Icor Brokerage has formed a 50:50 venture with international dealing systems provider Reuters to deliver its FX options broking service, and in one swoop dismissed suggestions that the company faced problems raising cash.

Reuters will contribute $10 million to the joint venture and will host Icor’s broking system on its Dealing 3000 trading system. The deal also gives Icor the advantage of the Reuters brand name in an intensively competitive environment, as the FX community becomes bombarded with new online FX options broking systems.

“We want to be close to the trader,” said president of Icor Brokerage, Neil Chriss, “And no one is closer to the trader than Reuters.”

Reuters director of Treasury Services Mark Robson said the deal “validates the investment our customers make when they take the next generation of Dealing products, with Dealing 3000”.

The options broking capability will also complement Reuters’ current service in spot and forwards FX.

Traders now have a number of ways that they can broker FX options. Earlier this week, inter-dealer currency joint venture broker TFS-Icap indicated that it would takeover bank consortium-owned Volbroker; while competitors Cantor Fitzgerald and GFInet both offer an FX options capability.

The Icor service will be purely electronic, but customer account managers will also be on hand to guide users. This contrasts with GFInet’s hybrid system, which links voice and screen broking, and the anticipated link-up between electronic service Volbroker and voice broker TFS-Icap.

The Icor Brokerage in association with Reuters will be launched for clients in the Far East eraly next year, Chriss said. “We want to focus on one area and put 100% into making that work." The Asian focus will also mean Icor can iron out potential problems before rolling out to major clients in the US and Europe, observers noted.

The deal, which has been in negotiation since October last year, has delayed the launch of Icor’s system, which was originally scheduled for launch in the middle of this year.
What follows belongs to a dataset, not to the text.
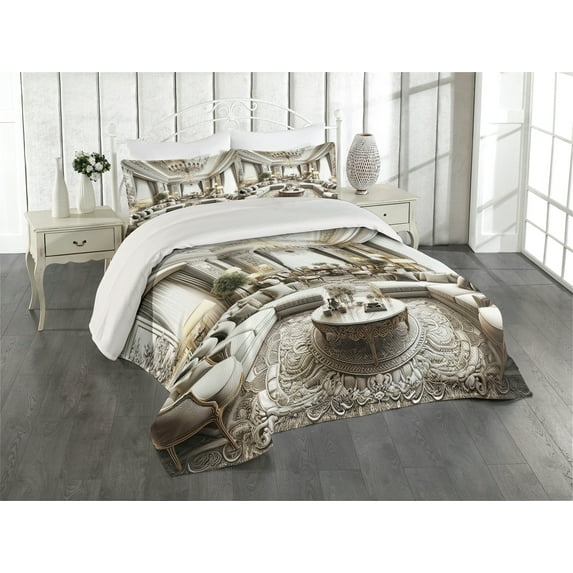 Ambesonne Classic Quilted Coverlet 3 Pcs, Majestic Room in Muted Tone, King Size, Coconut and Off White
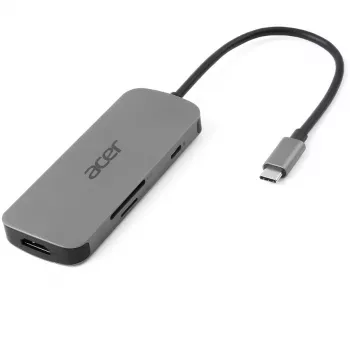 7-in-1 USB-C dongle Acer — USB 3.2 Gen 1 Type-C, 3x USB-A, HDMI, SD/MicroSD, 100W PD, strieborná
Chriss said the roll-out was delayed so the service could be reconfigured for Reuters’ system.

Existing Icor investors, believed to have contributed $15 million in previous funding, will have their shareholdings diluted from 100% to 50%. Both Icor chief executive Jeff Larsen and Chriss will remain on the Icor board, while Reuters Treasury Services managing director Julie Holland and another Reuters executive will take the remaining two seats.

Larsen said the $10 million raised would be used as general operating cash, but added that Icor plans to develop an interest rate derivatives platform due for launch at the end of next year.